§ What to work on:
Reproduce the data below line by line, from its first line to the line with "image:imageMr PenBulk Pencil", both included, and nothing past that point.

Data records
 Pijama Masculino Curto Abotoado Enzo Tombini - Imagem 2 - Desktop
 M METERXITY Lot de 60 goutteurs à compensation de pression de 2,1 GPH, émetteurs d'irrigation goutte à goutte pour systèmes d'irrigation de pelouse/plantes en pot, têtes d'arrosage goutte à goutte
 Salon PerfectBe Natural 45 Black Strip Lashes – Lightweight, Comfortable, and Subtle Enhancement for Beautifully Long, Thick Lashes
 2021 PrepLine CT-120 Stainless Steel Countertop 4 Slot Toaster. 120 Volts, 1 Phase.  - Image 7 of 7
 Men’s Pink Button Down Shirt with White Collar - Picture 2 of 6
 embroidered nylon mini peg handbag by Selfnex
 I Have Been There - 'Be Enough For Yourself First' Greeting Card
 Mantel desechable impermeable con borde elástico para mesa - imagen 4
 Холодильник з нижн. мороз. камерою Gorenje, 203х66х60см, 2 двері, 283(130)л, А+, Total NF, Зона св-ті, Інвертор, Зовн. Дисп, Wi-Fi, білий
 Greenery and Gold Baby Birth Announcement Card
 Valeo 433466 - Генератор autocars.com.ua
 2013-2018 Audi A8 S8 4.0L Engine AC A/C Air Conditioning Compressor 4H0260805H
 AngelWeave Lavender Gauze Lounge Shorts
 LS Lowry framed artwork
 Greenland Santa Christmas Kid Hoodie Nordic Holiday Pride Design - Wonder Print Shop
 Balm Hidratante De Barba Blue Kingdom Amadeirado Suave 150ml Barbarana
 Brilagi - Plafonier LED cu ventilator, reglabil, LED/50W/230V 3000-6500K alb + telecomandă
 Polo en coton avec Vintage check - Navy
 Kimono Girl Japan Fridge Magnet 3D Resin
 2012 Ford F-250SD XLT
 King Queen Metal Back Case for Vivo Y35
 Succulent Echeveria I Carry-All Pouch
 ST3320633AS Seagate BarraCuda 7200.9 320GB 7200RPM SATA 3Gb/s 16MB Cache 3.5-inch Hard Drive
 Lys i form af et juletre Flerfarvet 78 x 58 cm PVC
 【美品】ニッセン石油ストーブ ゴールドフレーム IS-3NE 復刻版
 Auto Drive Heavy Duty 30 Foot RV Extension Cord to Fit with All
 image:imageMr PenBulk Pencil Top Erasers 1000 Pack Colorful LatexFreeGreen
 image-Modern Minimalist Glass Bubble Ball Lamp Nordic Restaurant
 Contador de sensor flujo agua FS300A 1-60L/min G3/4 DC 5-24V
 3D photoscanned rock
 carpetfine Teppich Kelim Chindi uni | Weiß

§ Written response:
 Pijama Masculino Curto Abotoado Enzo Tombini - Imagem 2 - Desktop
 M METERXITY Lot de 60 goutteurs à compensation de pression de 2,1 GPH, émetteurs d'irrigation goutte à goutte pour systèmes d'irrigation de pelouse/plantes en pot, têtes d'arrosage goutte à goutte
 Salon PerfectBe Natural 45 Black Strip Lashes – Lightweight, Comfortable, and Subtle Enhancement for Beautifully Long, Thick Lashes
 2021 PrepLine CT-120 Stainless Steel Countertop 4 Slot Toaster. 120 Volts, 1 Phase.  - Image 7 of 7
 Men’s Pink Button Down Shirt with White Collar - Picture 2 of 6
 embroidered nylon mini peg handbag by Selfnex
 I Have Been There - 'Be Enough For Yourself First' Greeting Card
 Mantel desechable impermeable con borde elástico para mesa - imagen 4
 Холодильник з нижн. мороз. камерою Gorenje, 203х66х60см, 2 двері, 283(130)л, А+, Total NF, Зона св-ті, Інвертор, Зовн. Дисп, Wi-Fi, білий
 Greenery and Gold Baby Birth Announcement Card
 Valeo 433466 - Генератор autocars.com.ua
 2013-2018 Audi A8 S8 4.0L Engine AC A/C Air Conditioning Compressor 4H0260805H
 AngelWeave Lavender Gauze Lounge Shorts
 LS Lowry framed artwork
 Greenland Santa Christmas Kid Hoodie Nordic Holiday Pride Design - Wonder Print Shop
 Balm Hidratante De Barba Blue Kingdom Amadeirado Suave 150ml Barbarana
 Brilagi - Plafonier LED cu ventilator, reglabil, LED/50W/230V 3000-6500K alb + telecomandă
 Polo en coton avec Vintage check - Navy
 Kimono Girl Japan Fridge Magnet 3D Resin
 2012 Ford F-250SD XLT
 King Queen Metal Back Case for Vivo Y35
 Succulent Echeveria I Carry-All Pouch
 ST3320633AS Seagate BarraCuda 7200.9 320GB 7200RPM SATA 3Gb/s 16MB Cache 3.5-inch Hard Drive
 Lys i form af et juletre Flerfarvet 78 x 58 cm PVC
 【美品】ニッセン石油ストーブ ゴールドフレーム IS-3NE 復刻版
 Auto Drive Heavy Duty 30 Foot RV Extension Cord to Fit with All
 image:imageMr PenBulk Pencil Top Erasers 1000 Pack Colorful LatexFreeGreen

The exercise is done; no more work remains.